Fantasmi. Stracci a righe avvolti su pelli rinsecchite. Scheletri dagli sguardi assenti. Perduti nel vuoto di un inferno terreno. Settanta anni fa, il 27 gennaio 1945, i primi soldati dell’Armata rossa arrivarono al campo di Auschwitz e si trovarono di fronte l’orrore. Non che la guerra fino a quel momento non fosse stata piena di fatti terribili, ma lo spettacolo che si presentò ai soldati russi fu sconvolgente. Nulla di immaginabile anche per coloro che da quattro anni combattevano una guerra dove la pietà era parola bandita. Solo ferocia e sangue. Ma lì, ad Auschwitz si concretizzò il Male. Le immagini riprese dai documentaristi sovietici al seguito delle truppe ci rimandano quel momento.
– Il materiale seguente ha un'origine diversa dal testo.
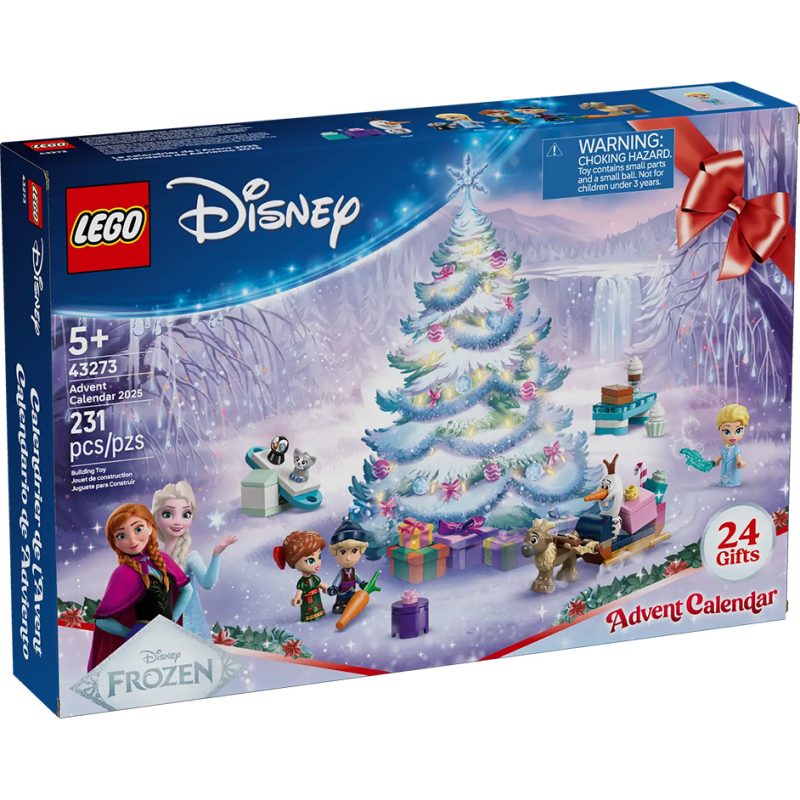 LEGO Disney’s Frozen Advent Calendar 2025 (43273)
Oltre il cancello dove campeggiava e ancora oggi campeggia la scritta Arbeit macht Frei, il lavoro rende liberi, i soldati sovietici trovarono larve d’uomo e di donna inerti che si ammassavano, privi di qualsiasi emozione, verso i reticolati. Trovarono cataste di cadaveri in decomposizione, ossa ammucchiate. La galleria degli orrori è senza fine e non può essere cancellata dal tempo. Tutt’altro, gli uomini degni di questo nome devono avere il coraggio di non distruggere quei segni della nefandezza umana. A monito futuro.
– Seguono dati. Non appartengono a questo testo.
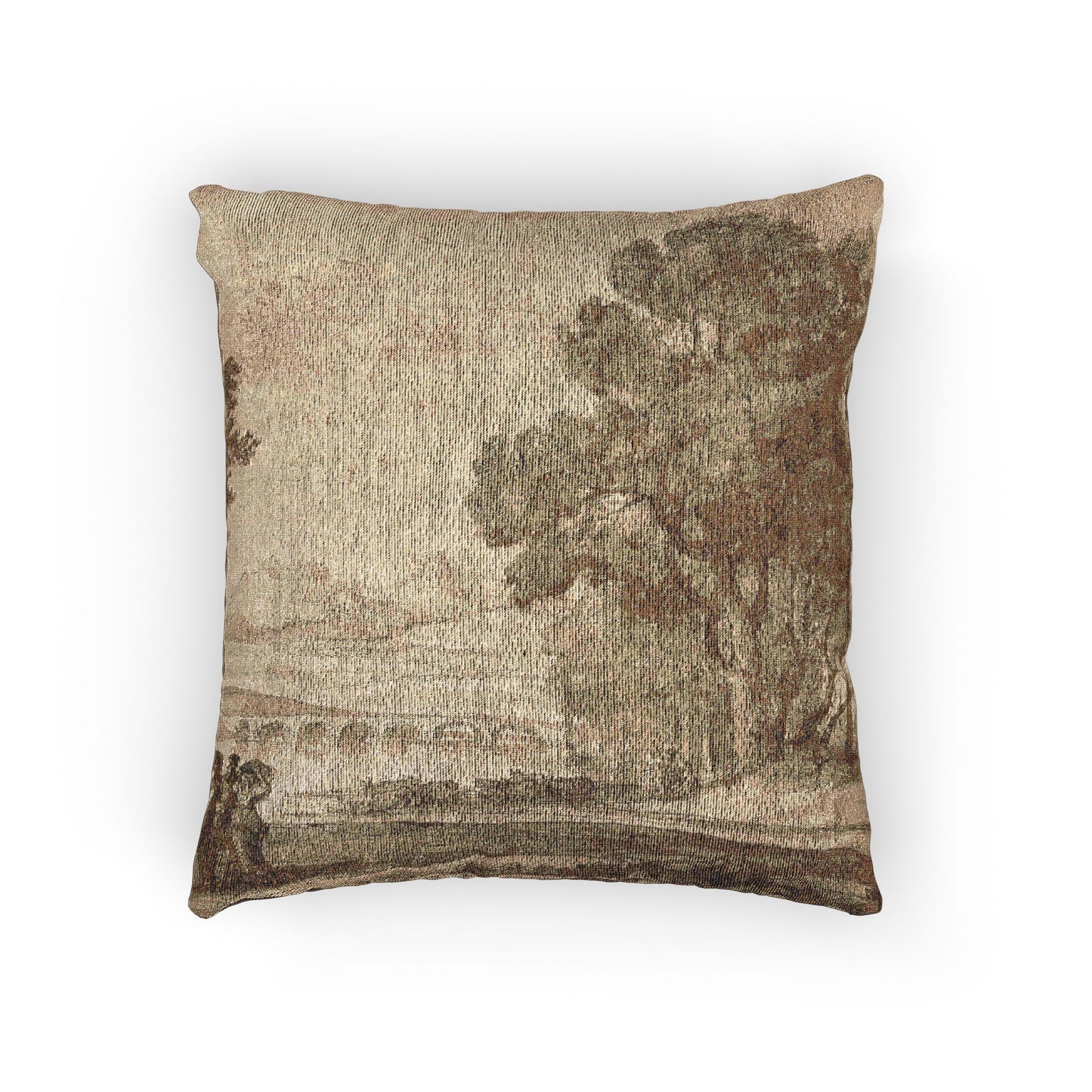 A Wooded River Landscape — Lorrain Pillow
Uno degli ebrei romani, Alberto Sed, superstite con la sorella allo sterminio, ancora oggi, alla soglia dei novant’anni, continua a sanguinare dalle ferite dei ricordi. Numero “A-5491” Alberto fu destinato allo smistamento dei bambini, lui appena adolescente, le SS gli ordinavano di lanciare i bambini in aria così che loro potessero fare il tiro a segno. “Non sono più riuscito a prendere in braccio un bambino – ricorda oggi con voce tremula nella sua casa di Monteverde – neppure i miei figli e i miei nipoti”, e mentre pronuncia queste parole nei suoi occhi appaiano in un flashback quelle immagini al campo di Birkenau.
L’orrore della Shoah aveva avuto un prodromo altrettanto tragico: lo sterminio degli armeni in Turchia agli inizi del secolo. In quel secolo buio che è stato il Novecento con le guerre mondiali, i massacri pianificati dai nazisti, le bombe atomiche sulle città del Giappone, l’uomo è stato in grado di ripetere errori ed orrori. Nei Balcani con il genocidio dei bosniaci di fede musulmana a opera dei serbi. Le violenze etniche in Africa. E questo Terzo Millennio vede ancora l’uomo figlio di Satana e non di Dio tornare a uccidere, a pianificare la morte dei suoi simili, in nome di una religione di violenza e sopraffazione che è la negazione del senso del soprannaturale. Il fondamentalismo è figlio di quel nazismo che mise in atto lo sterminio degli ebrei e dei diversi. Per non dimenticare. Per non ripetere l’indicibile dobbiamo imprimere nelle nostre menti le immagini di quel 25 gennaio di settanta anni fa, di quegli uomini sopravvissuti nel corpo ma privati del cuore. La memoria come viatico per la vita, la tolleranza e il rispetto dell’altro. Qualsiasi colore abbia la sua pelle, qualsiasi fede professi, qualsiasi sia la sua patria.